> _What to do_
Search the entries for the string "субъектларнинг" and give the number of lines that hold it, nothing more.
- - -
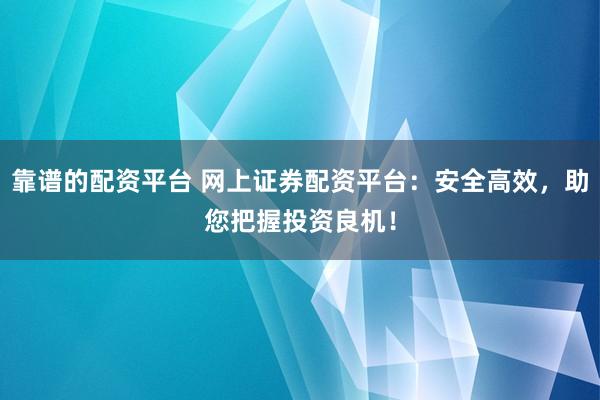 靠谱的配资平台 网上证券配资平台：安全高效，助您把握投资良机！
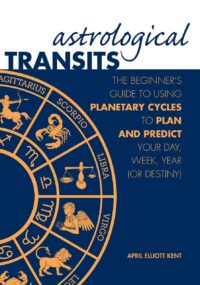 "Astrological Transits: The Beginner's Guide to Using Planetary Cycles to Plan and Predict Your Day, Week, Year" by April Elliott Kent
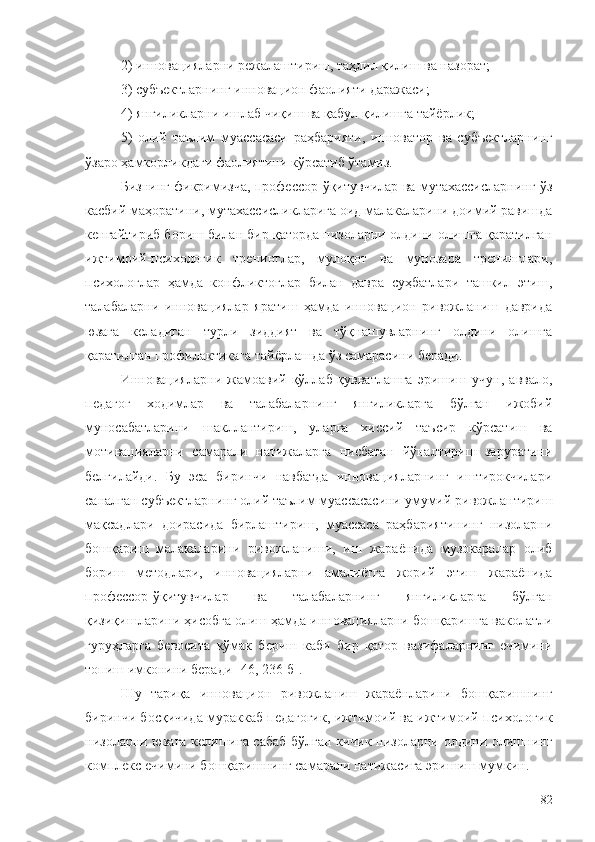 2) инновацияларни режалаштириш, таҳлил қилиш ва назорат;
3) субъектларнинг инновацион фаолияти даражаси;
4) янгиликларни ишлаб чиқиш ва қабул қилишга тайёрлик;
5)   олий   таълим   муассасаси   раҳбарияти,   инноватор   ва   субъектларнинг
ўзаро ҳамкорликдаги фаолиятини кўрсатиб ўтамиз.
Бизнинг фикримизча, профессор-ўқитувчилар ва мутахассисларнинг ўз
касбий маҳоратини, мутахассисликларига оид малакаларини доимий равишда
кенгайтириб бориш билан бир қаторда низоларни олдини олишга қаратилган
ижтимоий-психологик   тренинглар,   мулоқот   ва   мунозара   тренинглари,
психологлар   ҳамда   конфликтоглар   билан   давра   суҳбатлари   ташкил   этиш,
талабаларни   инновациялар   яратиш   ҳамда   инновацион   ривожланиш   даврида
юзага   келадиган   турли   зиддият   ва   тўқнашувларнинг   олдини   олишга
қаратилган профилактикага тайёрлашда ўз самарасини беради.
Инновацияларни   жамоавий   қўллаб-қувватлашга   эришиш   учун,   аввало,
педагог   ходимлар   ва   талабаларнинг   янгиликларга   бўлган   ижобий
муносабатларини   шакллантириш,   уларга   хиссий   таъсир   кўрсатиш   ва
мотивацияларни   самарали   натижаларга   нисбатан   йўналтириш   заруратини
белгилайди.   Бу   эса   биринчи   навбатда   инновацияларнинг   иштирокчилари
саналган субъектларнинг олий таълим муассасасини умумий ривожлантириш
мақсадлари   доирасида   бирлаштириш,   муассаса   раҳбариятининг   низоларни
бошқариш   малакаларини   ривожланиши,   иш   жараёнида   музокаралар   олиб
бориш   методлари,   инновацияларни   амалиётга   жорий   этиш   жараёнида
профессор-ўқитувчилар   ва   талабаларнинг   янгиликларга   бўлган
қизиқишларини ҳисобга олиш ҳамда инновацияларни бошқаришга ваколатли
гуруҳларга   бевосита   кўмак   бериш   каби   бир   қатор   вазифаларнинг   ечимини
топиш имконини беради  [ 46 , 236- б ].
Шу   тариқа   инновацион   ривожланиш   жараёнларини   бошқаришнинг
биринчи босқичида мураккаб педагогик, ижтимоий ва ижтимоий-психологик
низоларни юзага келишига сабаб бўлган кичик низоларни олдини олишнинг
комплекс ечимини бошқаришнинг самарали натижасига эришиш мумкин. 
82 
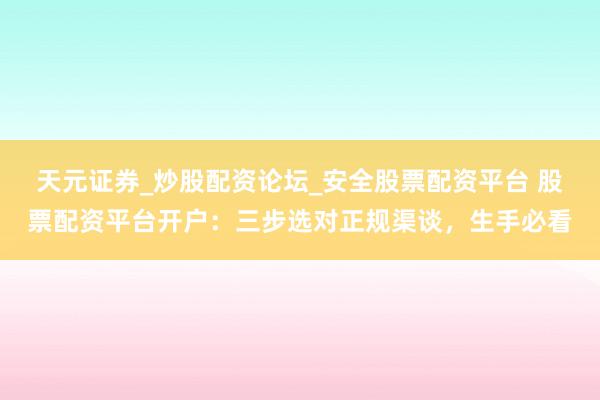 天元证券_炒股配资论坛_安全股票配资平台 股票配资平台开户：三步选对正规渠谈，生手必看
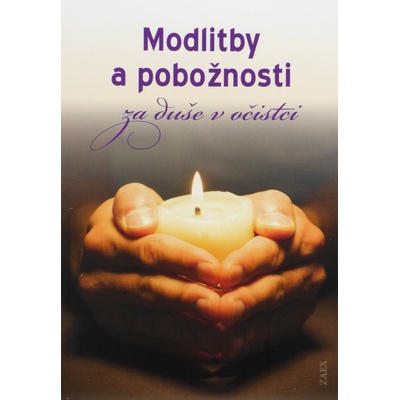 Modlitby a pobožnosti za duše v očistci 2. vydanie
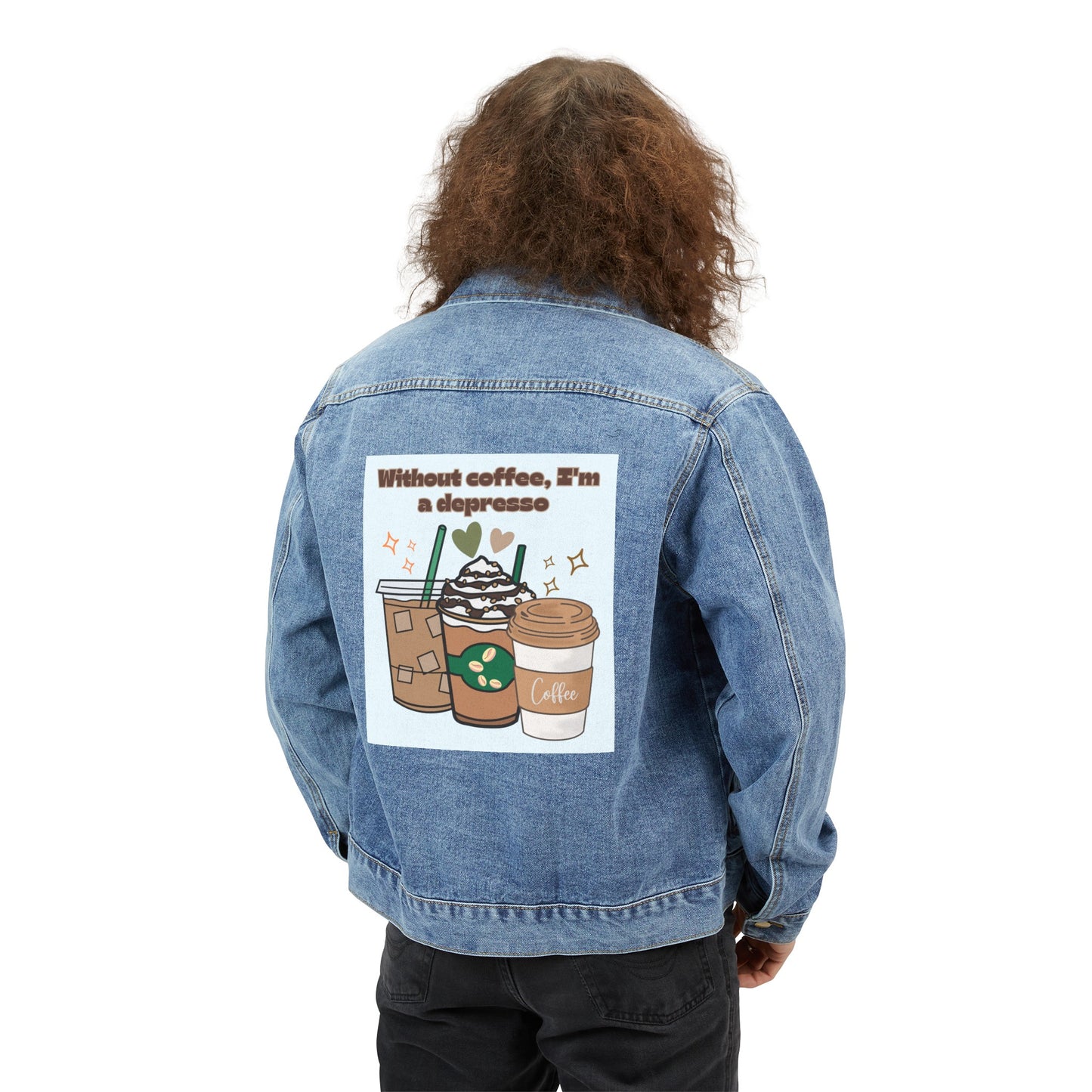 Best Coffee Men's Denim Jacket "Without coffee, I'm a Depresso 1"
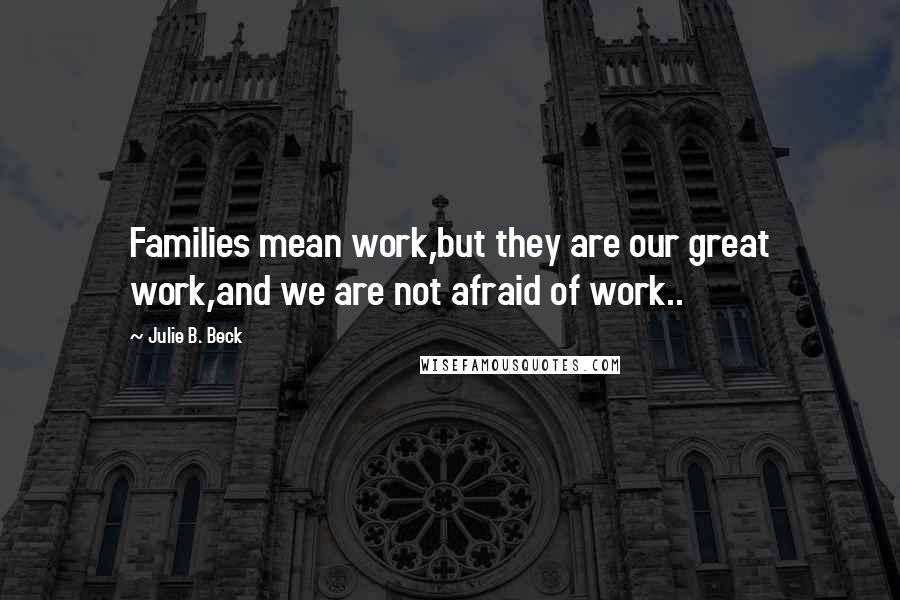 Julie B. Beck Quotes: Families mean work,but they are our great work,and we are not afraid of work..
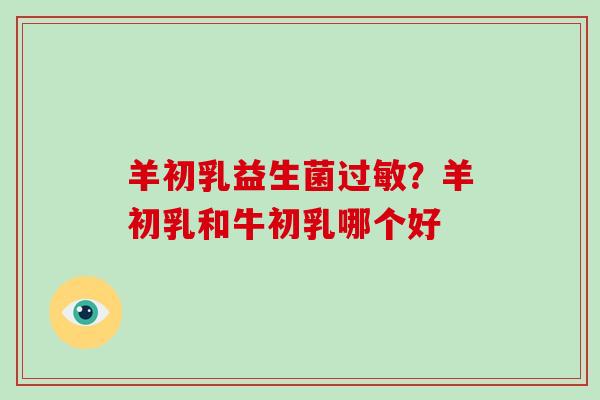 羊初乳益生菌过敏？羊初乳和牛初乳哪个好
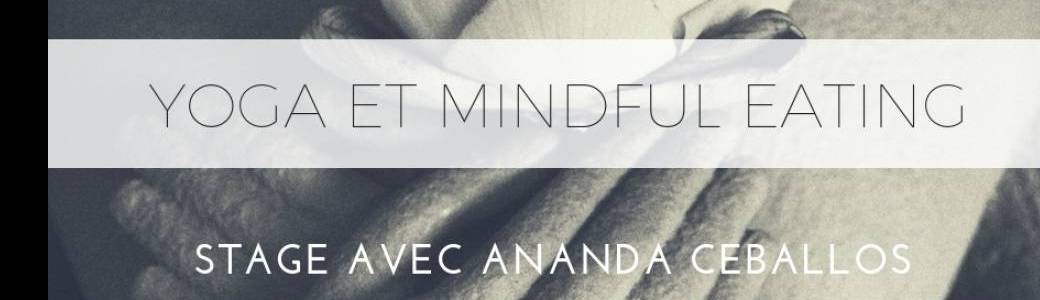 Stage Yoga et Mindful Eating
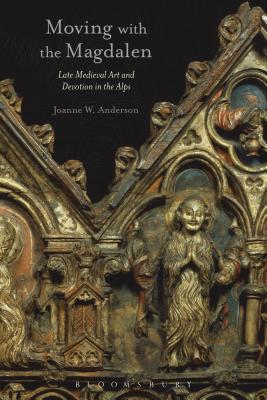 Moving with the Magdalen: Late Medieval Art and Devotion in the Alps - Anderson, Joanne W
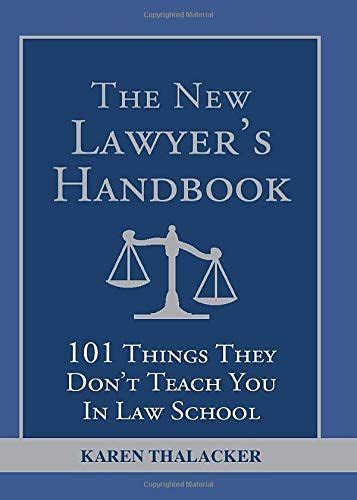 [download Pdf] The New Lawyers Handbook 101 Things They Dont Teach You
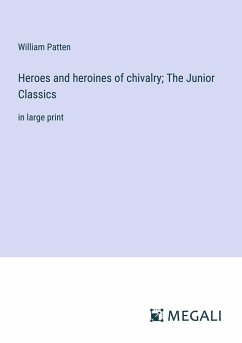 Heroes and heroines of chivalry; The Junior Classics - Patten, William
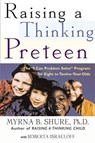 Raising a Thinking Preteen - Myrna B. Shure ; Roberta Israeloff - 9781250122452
- - -
> _Answer to the exercise_
3